Song Fu sensed trouble, as if foreseeing the sad end of task failure. ‘Is my relationship with Ci Ye too good?’

The System sorted through the remaining plot. [As long as the main couple’s feelings heat up smoothly, it should not affect your divorce plot. Let’s see if the male lead’s grades improve next… maybe?]

Mid-game break ended. Song Fu’s lap now held Ci Ye’s jacket.

The classmates on the opposing team all looked ashen-faced.

Because Song Fu was watching?

Today’s intensity was extra high. Ci Ye’s flashy trick shots were plentiful. Toying with them was effortless, no different from teasing a dog.

The boys in their class who secretly liked Song Fu numbered more than one hand could count. This game, they went all out to show Ci Ye up, take him down a peg. But they failed to land a hit and exhausted themselves instead.
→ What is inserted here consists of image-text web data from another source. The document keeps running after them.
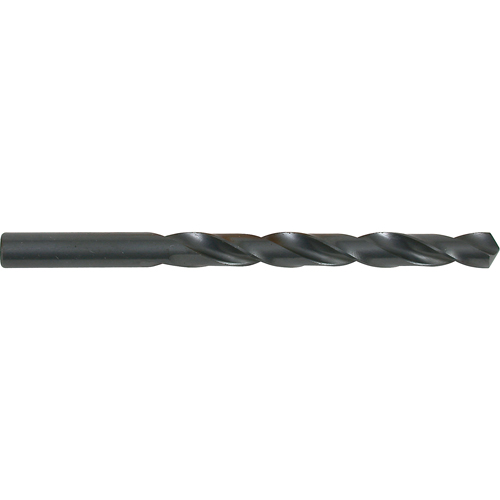 Hyper Jobber Drill Bit, High Speed Steel, 23/64", 4-7/8" L, 3-1/2" Flute Northern Industrial Supply Inc.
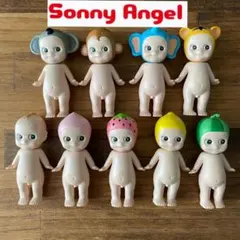 ソニーエンジェル フルーツ＆アニマル 8体+1体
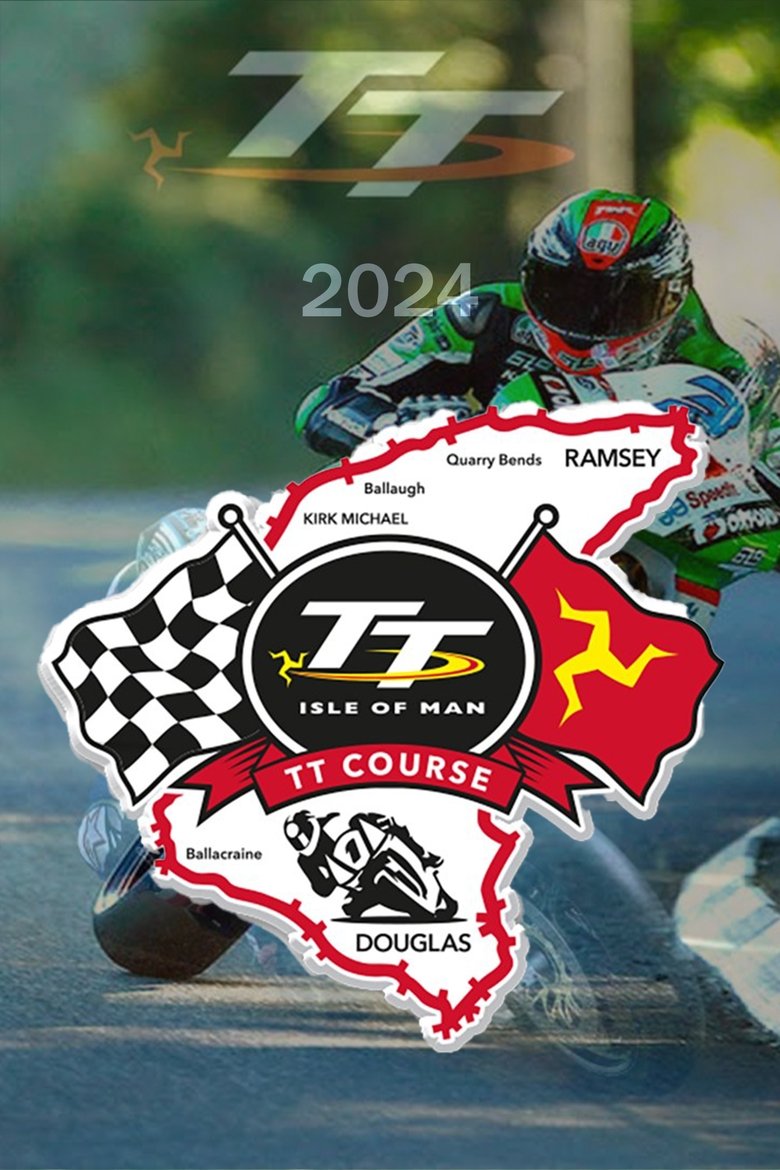 Isle of Man TT Poster of Isle of Man TT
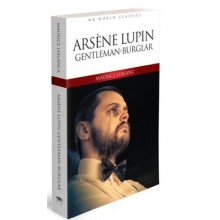 Arsene Lupin Gentleman Burglar / İngilizce Klasik Roman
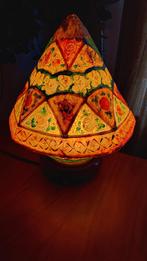 Antieke Tibetaanse sfeer lamp, Ophalen of Verzenden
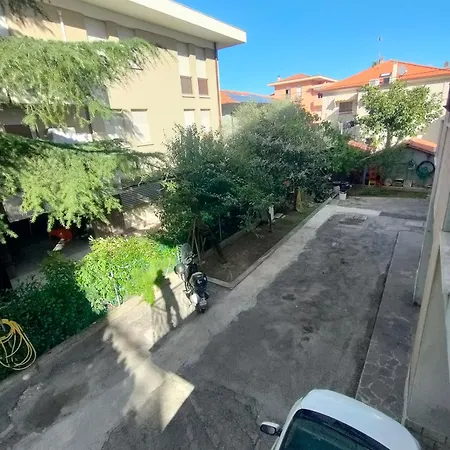 Casa Aprusa Διαμέρισμα Ρίμινι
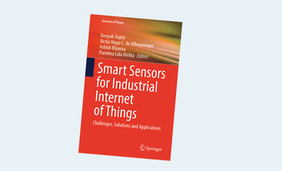 Smart Sensors for Industrial Internet of Things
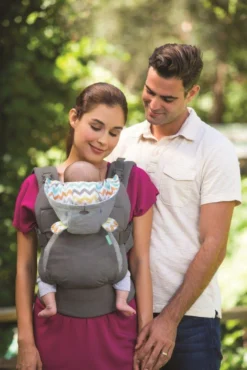 Infantino Cuddle Up Ergonomic Hoodie Draagzak BK-05331 -LiefjesHoek Verkoop infantino cuddle up hoodie carrier bk05331 8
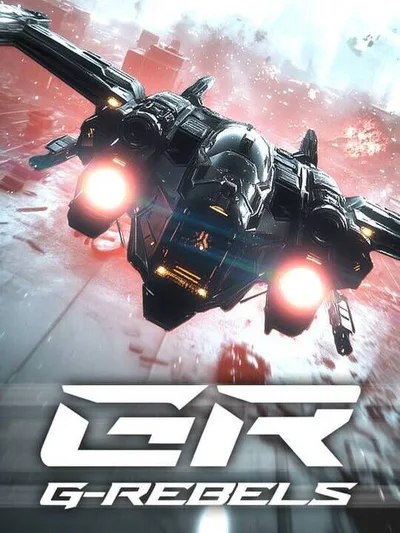 G-Rebels cover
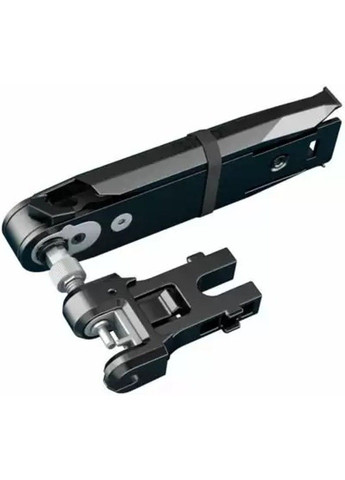 Ключі-мультитул Integrated Tool 13 функцій з тріскачкою, кріплення під сідло PRO (353850594)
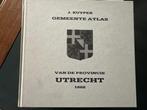 J. Kuyper - Gemeente Atlas van de provincie - 1865-1869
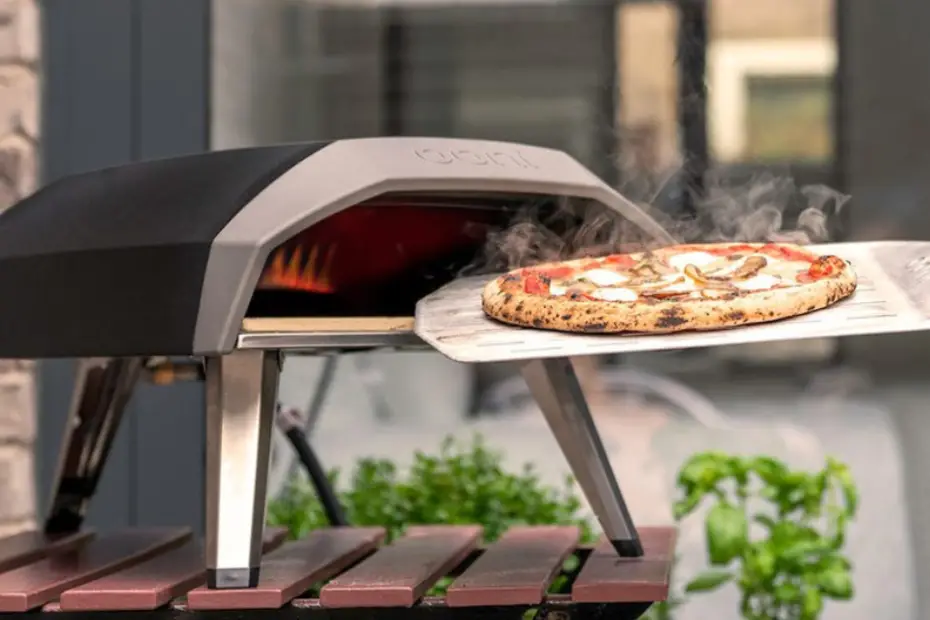 propane outdoor pizza ovens roundup 2022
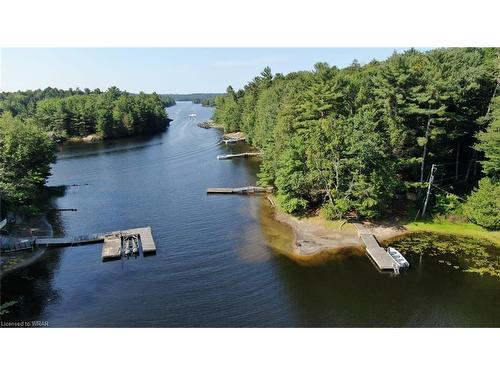 14 B717 Isabella Island, The Archipelago, ON - Outdoor With Body Of Water With View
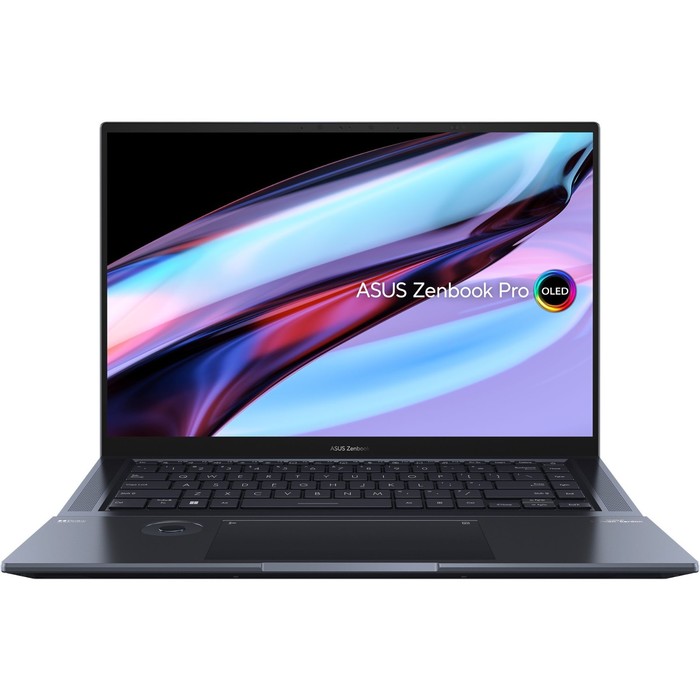Ноутбук Asus Zenbook Pro 16X OLED UX7602VI-MY073X Core i9 13900H 32Gb SSD2Tb NVIDIA GeForce 102941 ноутбук asus zenbook pro duo 15 oled ux582zw 32gb 1tb синий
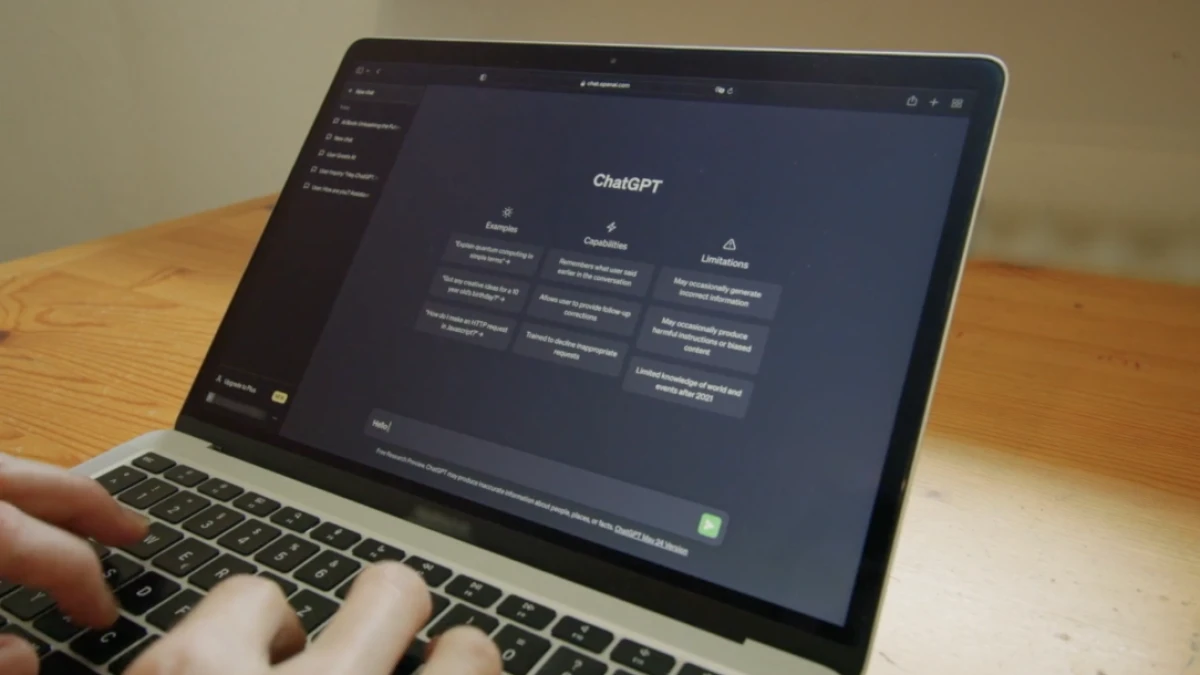 ਟੈਲਾਹਾਸੀ ਵਕੀਲਾਂ ਨੇ ਚੈਟਜੀਪੀਟੀ ਖ਼ਿਲਾਫ਼ ਮਾਮਲਾ ਦਰਜ ਕਰਨ ਦਾ ਐਲਾਨ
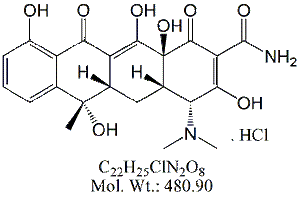 LMC01H: Lymecycline EP Impurity A
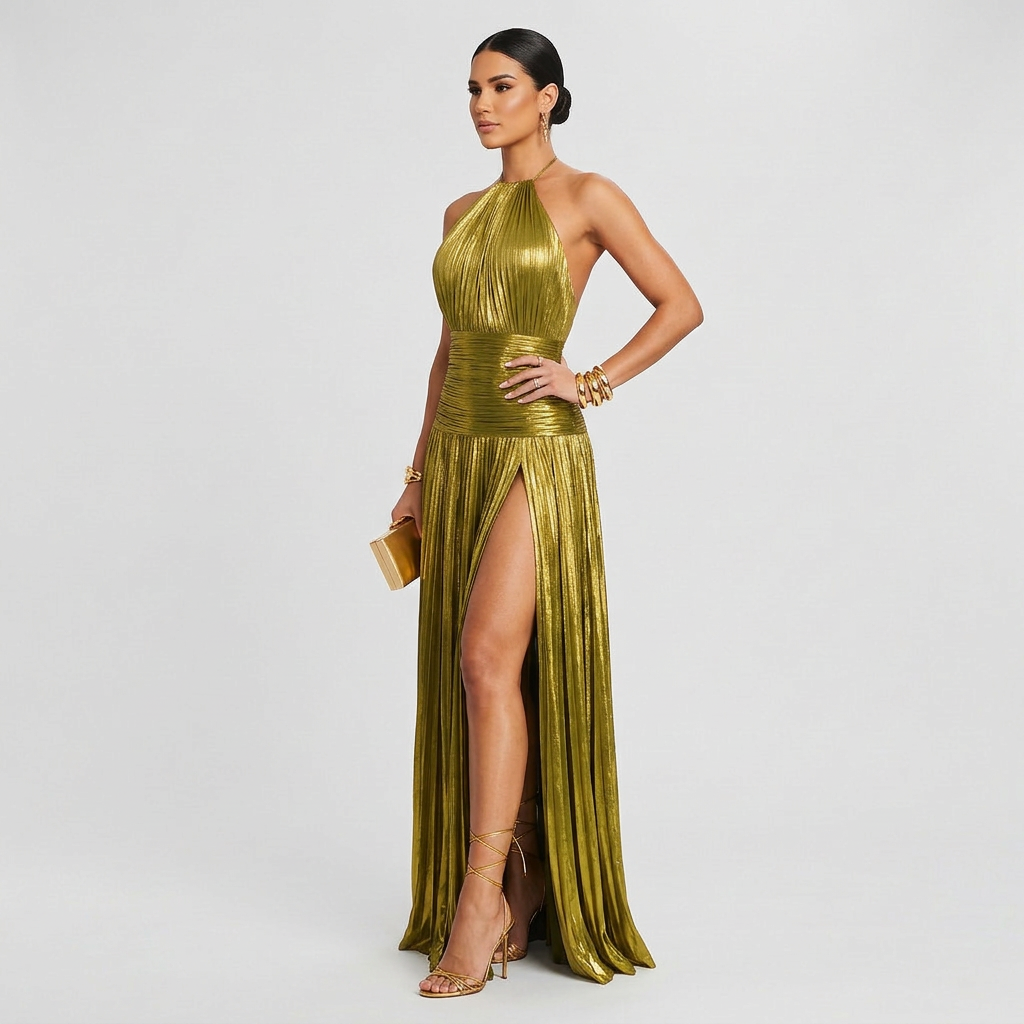 Sara - Elegante Vestido Maxi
What a peacock fanning its tail. Everyone grumbled inwardly.

High school schedules were packed tight, with scant entertainment. Even teachers pretended not to gossip, but they did. Their eyes darted between Song Fu and Ci Ye.

One glance, and they spotted the rare sight: Ci Ye actually paying attention in class.

“Please have student number 34 answer my question.” The chemistry teacher tapped the desk, calling up an obviously distracted student.

The student stood with drooping head, mumbling forever without saying anything coherent.

“You don’t even know where I was in the lesson, do you?” The teacher, disappointed like iron that would not become steel, knocked the desk twice more. “Come on, Ci Ye. Tell him where the teacher left off.”

Ci Ye, head aching from the heavenly text, hesitated at his sudden naming. “Page 143 diagram.”

“Very good. Spot on.” The teacher praised generously. “Ci Ye, sit down.”

Ci Ye sat, unmoved, and continued listening expressionlessly to the heavenly text.

Not great. With such a poor foundation, raising grades just by listening in class was next to impossible.